Beim 3:0 ging er nicht der unerreichbaren Flanke entgegen, sondern antizipierte bereits den Befreiungsversuch des Verteidigers Bruno Alves. Müller blockte den Ball und schoss ihn direkt ins Netz. Beim 4:0 nutzte er einen Abpraller von Torwart Rui Patricio und schob ein. "Er gibt nie auf und erkennt den Raum. Heute war er Weltklasse", lobte Jérôme Boateng seinen Mitspieler.

Müller war die unverzichtbare Zuspitzung der deutschen Offensive. Mario Götze und Mesut Özil zeigten sich im Vergleich zum verpatzten Testspiel gegen Kamerun stark verbessert, vor allem Götze deutete sein riesiges Potenzial an. Doch ihre besten Chancen vergaben sie. Ob sie im Zweifel einen Klose ersetzen können, müssen sie erst zeigen.

Die neue deutsche Offensive stellte klar, dass sie auch prominente Gegner aus der Fassung bringen kann. Pepe verlor gegen Müller völlig die Nerven und musste mit Rot vom Platz. Doch auch als der Verteidiger von Real Madrid noch auf dem Platz war, hatten sich schon erstaunliche Löcher in Portugals Abwehr gefunden. Es musste nur ein Deutscher aus dem Mittelfeld nach vorne sprinten, schon stand er irgendwo im freien Raum und wartete auf den Pass. Vor allem Sami Khediras Laufwege überforderten die Portugiesen.

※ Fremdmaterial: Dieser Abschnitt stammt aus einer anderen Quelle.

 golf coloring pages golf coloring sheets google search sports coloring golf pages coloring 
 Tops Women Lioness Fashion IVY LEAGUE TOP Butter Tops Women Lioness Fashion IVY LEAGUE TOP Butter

Als Löws sogenannte Spezialkräfte kamen, war das Spiel längst entschieden. André Schürrle und Lukas Podolski sollen mit ihrer Schnelligkeit und Geradlinigkeit nach der Pause einen müden Gegner überrennen, so der Plan. Vor allem Schürrle zeigte davon Ansätze und bereite das vierte Tor vor.

Brauchen die Deutschen den großen Klose also überhaupt noch? "Er hat keine Angst vor diesen Turnieren, weil er schon so lange dabei ist. Diese immense Erfahrung gibt er weiter", sagt Joachim Löw. Das deutet einerseits auf eine Maskottchen-Rolle hin. Doch andererseits wird es nicht immer zur Halbzeit 3:0 stehen. Es wird der Moment kommen, da werden die Deutschen froh sein, wenn Miroslav Klose seine Größe zeigt.